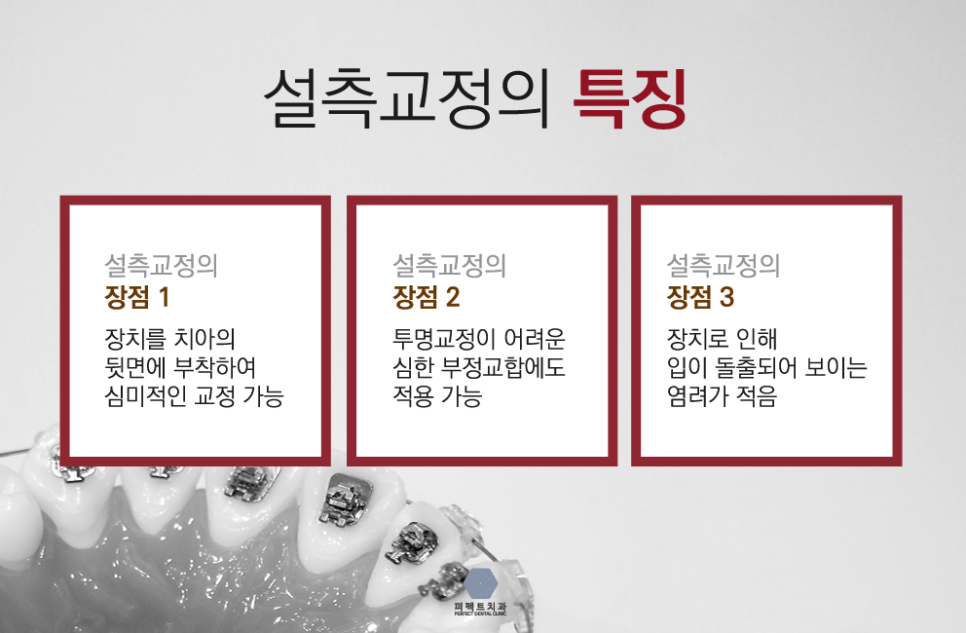 치아안쪽에 하는 설측교정^^ 관련 이미지 6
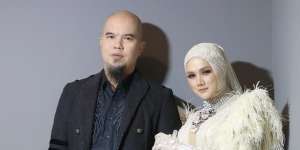 Tak Lagi Mulus, Mulan Jameela Perlihatkan Kondisi Telapak Tangan Mengelupas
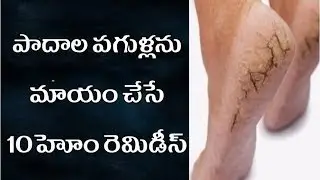పాదాల పగుళ్లను మాయం చేసే మిరాకిల్ 10 హోం రెమెడీస్ | padhalu pagilina mayam chesa miracle?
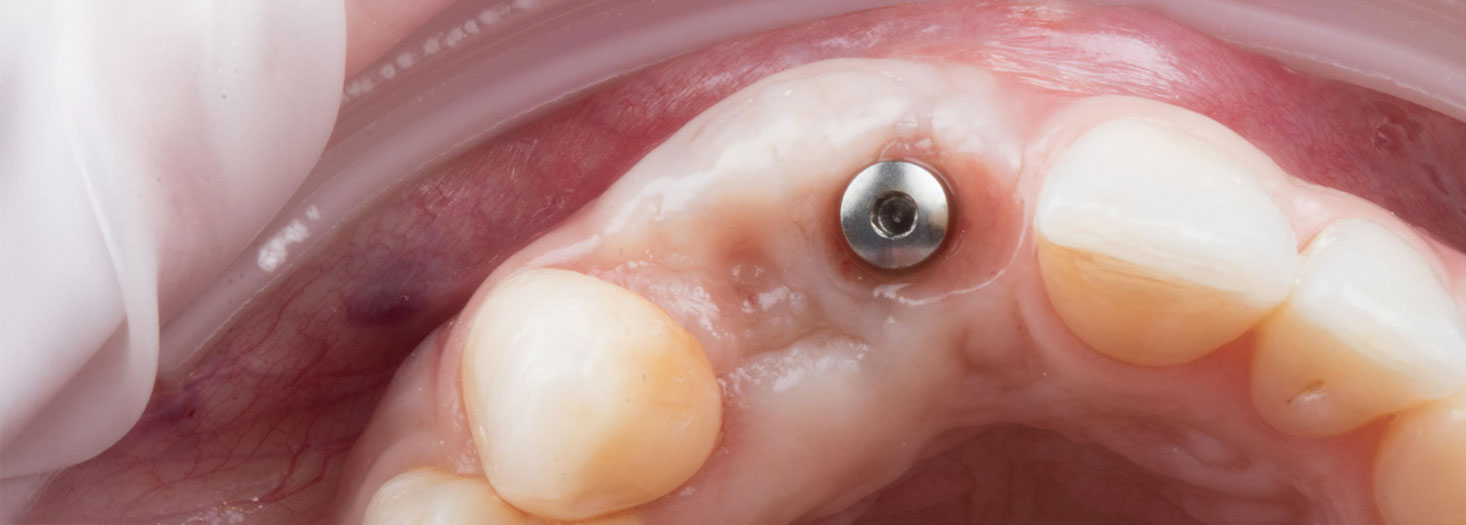 Diploma Universitario de Formación Avanzada en Periodoncia e Implantología Avanzadas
————
Brief: Repeat only the lines from the one with "Tak Lagi Mulus, Mulan" through the end of the data, both included and exactly as written. Pictures stay out of the copy.

Written answer:
 Tak Lagi Mulus, Mulan Jameela Perlihatkan Kondisi Telapak Tangan Mengelupas
పాదాల పగుళ్లను మాయం చేసే మిరాకిల్ 10 హోం రెమెడీస్ | padhalu pagilina mayam chesa miracle?
 Diploma Universitario de Formación Avanzada en Periodoncia e Implantología Avanzadas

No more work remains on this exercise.